I’m wondering what is the best if I want to call a method every 0.5 seconds or even a smaller amount of time. I know I can do it with both StartCoroutine and InvokeRepeating but I wonder what are the advantages/inconveniences of both method and also performance wise, which is the best. Thanks a lot for your time and have a good day!

Claude

If you have 1 enemy shooting a bullet say every 5 seconds then you wont notice any difference between Invoke or StartCoroutine. However if you have say 30 enemies shooting complex bullet sequences every 5 seconds then Invoke & InvokeRepeating can have a huge effect on performance depending on the device its running on.

I would say always use StartCoroutine. ie.
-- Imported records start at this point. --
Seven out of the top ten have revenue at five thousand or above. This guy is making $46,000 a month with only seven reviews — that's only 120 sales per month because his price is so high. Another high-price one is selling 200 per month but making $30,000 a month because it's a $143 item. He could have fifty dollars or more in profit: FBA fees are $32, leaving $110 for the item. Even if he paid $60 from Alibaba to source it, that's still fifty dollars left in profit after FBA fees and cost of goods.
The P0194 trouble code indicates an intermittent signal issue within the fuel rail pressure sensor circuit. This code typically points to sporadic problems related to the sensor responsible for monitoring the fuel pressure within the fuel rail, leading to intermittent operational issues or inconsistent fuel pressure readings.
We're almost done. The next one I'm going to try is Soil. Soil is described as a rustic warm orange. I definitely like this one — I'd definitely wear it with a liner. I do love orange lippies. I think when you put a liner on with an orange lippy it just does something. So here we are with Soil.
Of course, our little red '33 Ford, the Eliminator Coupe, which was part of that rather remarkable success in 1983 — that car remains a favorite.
// wait 3 seconds then shoot
Invoke("Shoot", 3f);

void Shoot() {
    // shoot stuff
}

.. becomes ..

StartCoroutine("Shoot");

IEnumerator Shoot() {
    yield return new WaitForSeconds(3f);
    // shoot stuff
}


and


// wait 5 seconds then shoot every 2 seconds
InvokeRepeating("Shoot", 5f, 2f);

void Shoot() {
    // shoot stuff
}

.. becomes ..

StartCoroutine("Shoot");

IEnumerator Shoot() {
    yield return new WaitForSeconds(5f);

    while (true) {
        // shoot stuff
        yield return new WaitForSeconds(2f);
    }
}

InvokeRepeating is easier to learn and use, but, obviously, can only do things at regular intervals. Any weird multi-step, fade-wait-unfade stuff, you have to use a coroutine for (not because of a rule – because there’s no way to twist InvokeRepeat to do that stuff.) I’d say, anything you can use InvokeRepeating for, go ahead and do that.

I’d guess that InvokeRepeating is really just running StartCoroutine for you, with a free “every X seconds” delay. So it really makes no difference which you use.
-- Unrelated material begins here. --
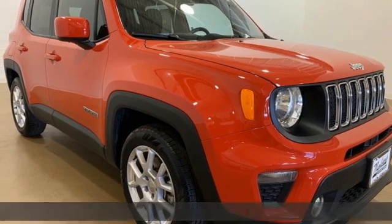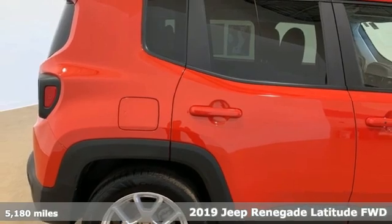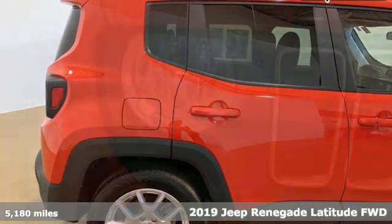Here's a 2019 Jeep Renegade. Journey anywhere in a Jeep. It comes with the features you need and, better yet, want.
I found this on a comment of a gamasutra article: “The Invoke* functions are implemented by using reflection. Reflection have very huge overhead when calling and should be avoided. Coroutine, on the other hand, has very little or no overhead (depending on which StartCoroutine version you using), so, it is a better alternative for Invoke*.”

In addition to what others have said (Invoke using reflection which causes a significant impact on performance, and being extremely error prone by using strings to call methods), there is another very big issue: Invoke and InvokeRepeating are based on Time.timeScale.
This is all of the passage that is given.